Everybody talks about crypto, NFT, to the moon, etc, di tahun 2020-2021. Pada saat itu, saya rasa paling tidak ada satu dari sekian banyak temanmu yang flexing dia punya persentase cuan. Ini lah yang membuat hype-nya menyebar makin luas.

Saya pun juga begitu. Walaupun saya terjun ke dunia itu cukup telat (sekitar Q1 2022), saya masih merasakan keuntungannya tipis-tipis. Sejak itu saya mulai mengulik lebih dalam. Nonton YouTube. Baca-baca berita. Masuk ke forum-forum Telegram. Follow so-called “expert” di Twitter. Kegiatan-kegiatan tadi membuat saya tertarik untuk jump ship dari asset management ke industri crypto.

Dan setelah kurang lebih 2 tahun saya “berkarya” di industri ini. Here is my takeaway: crypto is not the holy grail. It is …… just one of the grail.

Yup. Nothing special in it. What crypto does is basically democratizing financial system, mimicking traditional asset, so individuals have access to something only big funds had in the past.

No more Undang-Undang Pasar Modal, yang ada adalah smart contract. No more OJK or SEC, yang ada adalah DAO (decentralized Autonomous Organization).

Di postingan ini, saya tidak akan bicara terlalu banyak soal apa itu crypto, bagaimana cara kerjanya dll. Biarkan itu menjadi ide postingan berikutnya. Itung-itung bisa nambah jumlah post di sini. Saat ini, mari kita fokus pada potensinya sebagai instrumen investasi.

Investasi? Isn’t it only good for trading purpose only?

Ini yang akan kita bahas.

Crypto hanyalah instrumen keuangan

Basically, crypto today can be seen as financial instrument, just like stocks and bonds. And since it is just an instrument, you can trade it for profit!

Lalu bagaimana strateginya? Buy low sell high. Sesimple itu.

The hardest part adalah membentuk conviction-nya, dan ini berlaku untuk semua instrument. You can copy the pick but you can’t copy the one’s conviction. Conviction sendiri dalam bahasa Indonesia artinya kepercayaan. Misalnya, influencer A bilang BTC akan naik ke $30K (atau BBCA ke Rp10K or whatever). Karena si Influencer A ini punya conviction yang tinggi sama BTC (atau BBCA atau whatever), dia bisa menaruh modal 10 juta Rupiah. Kamu pun merasa juga memiliki conviction yang sama dan juga menaruh 10 juta.

Selang 5 hari, BTC (atau BBCA atau whatever) tidak kunjung mencapai target yang dimaksud. Justru harganya anjlok. Kamu pun uring-uringan dan malah menjual rugi posisimu. Sebaliknya, si influencer tadi bisa jadi malah double down dia punya modal karena dia emang seyakin itu. And once the market bounce, kamu rugi dan si influencer untung besar.
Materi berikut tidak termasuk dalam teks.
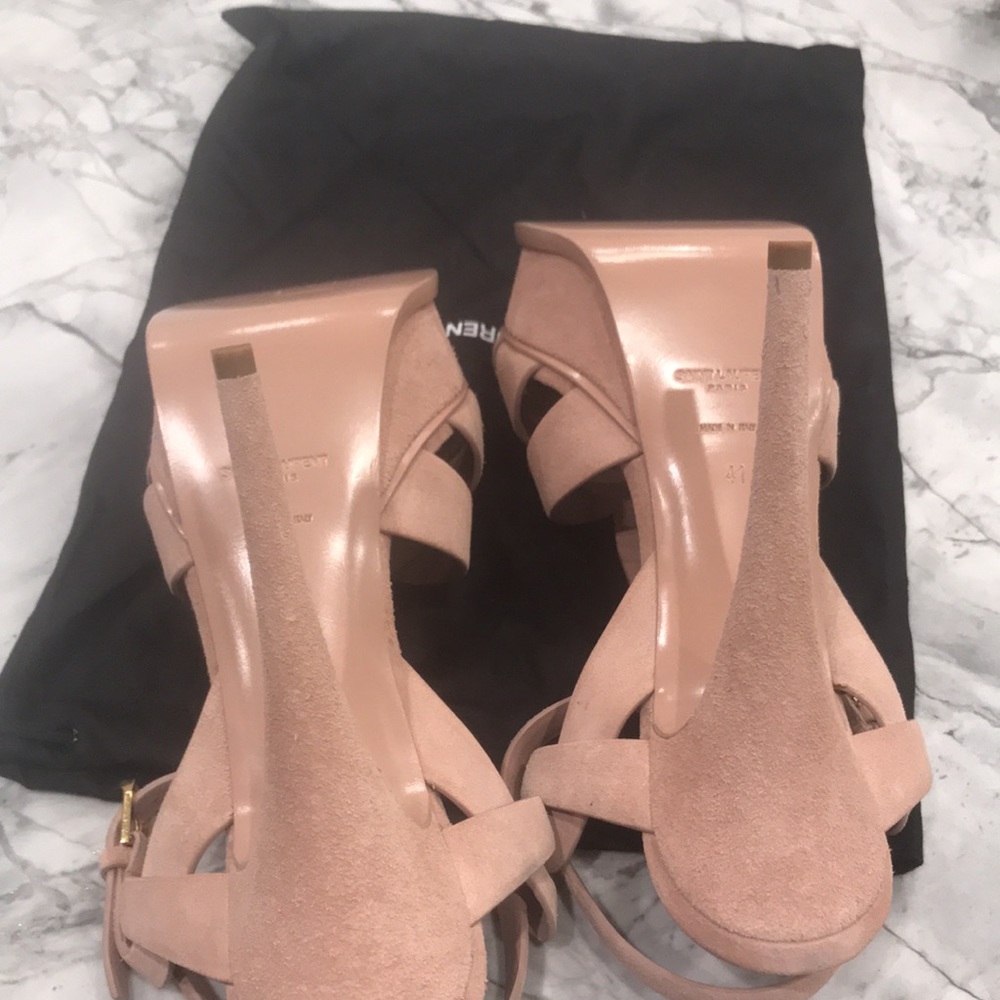 Brand new SAINT LAURENT 105mm tribute - Picture 5 of 8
Moral of the story: pakai any pick dari influencer sebagai bahan pertimbangan saja, lalu riset sendiri.

Tidak semua yang dibilang influencer itu bener. Any pick yang mereka bilang itu probability berhasilnya tetap 50:50. Analisis-analisis tambahan, seperti fundamental analysis, technical analysis, bandarmology dll, itu tujuannya untuk membentuk conviction tadi, bukan untuk memperbesar winning probability.

Dan karena crypto tadi bisa dikategorikan sebagai instrumen keuangan, maka akan ada pasar derivatif atau turunannya, dalam artian kamu membeli kontrak jual-belinya aja tanpa pernah memiliki asset nya langsung. Aset turunan ini naturally akan lebih beresiko, combine it sama crypto yang juga tergolong high risk, maka aset ini high risk kuadrat.
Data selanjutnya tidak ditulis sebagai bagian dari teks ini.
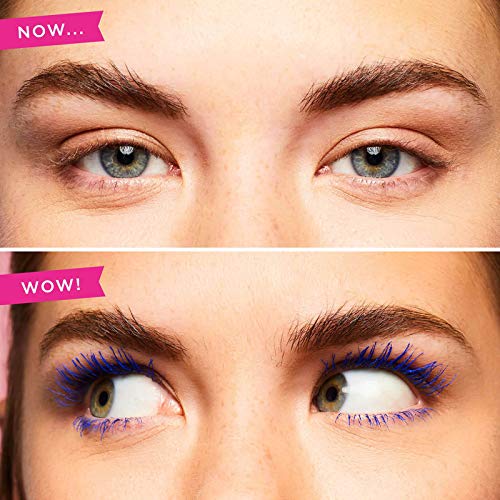 Benefit Cosmetics BADgal BANG! Volumizing Mascara Brightening Blue – 0.30 oz/ 8.5 g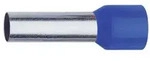 Klauke 17210 Aderendh&uuml;lse 1.5mm2 Teilisoliert Schwarz 1000St.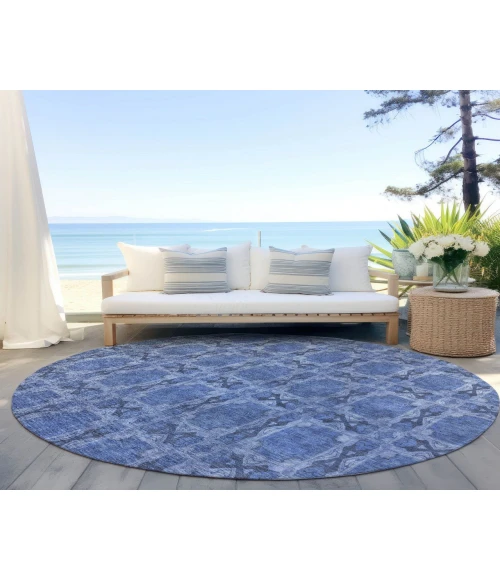 Chantille ACN564 Denim 8' x 8' Rug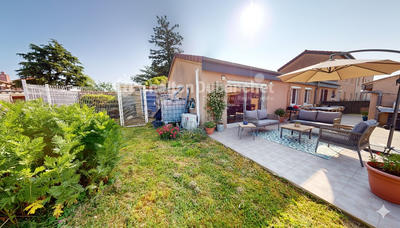 Maison - 168 m² - 5 pièces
Derivatif yang dimaksud disini adalah option dan future. Di market US sana, instrumen derivatif seperti ini sudah jamak. Investor ritel disana saja juga sudah punya akses atas instrumen ini. Tapi di Indonesia sendiri, instrumen ini dulu pernah ada, tapi lalu ditutup perdangangannya (walau untuk option dihidupkan lagi dengan nama warran terstruktur sejak 2022 kalau ga salah).

Potensi cuan dari option dan future ini jelas lebih besar dibanding hanya membeli assetnya langsung karena ada faktor leverage (ini akan saya bahas di kesempatan lain, kalau mood hahaha). Namun, risk-nya juga jauh lebih besar. For majority of people, the less you know about it, the better it will be.

Borrowing and lending

Kalau kamu dengan ada influencer yang bilang “biarkan uang bekerja”, kebanyakan yang mereka maksud adalah investasi di asset-asset finansial seperti reksadana atau saham. Namun, tahukah kamu satu metode “rahasia” untuk membiarkan uang kita bekerja saat kita tidur (udah macem influencer ya saya hehe)?

Pinjol.

Whatever you think it is, memberi pinjaman adalah salah satu metode paling terpercaya untuk menghasilkan return besar. Ga percaya? Liat aja itu financial report-nya bank-bank. Majority of their assets (bahkan rata-rata di atas 90%) adalah pinjaman.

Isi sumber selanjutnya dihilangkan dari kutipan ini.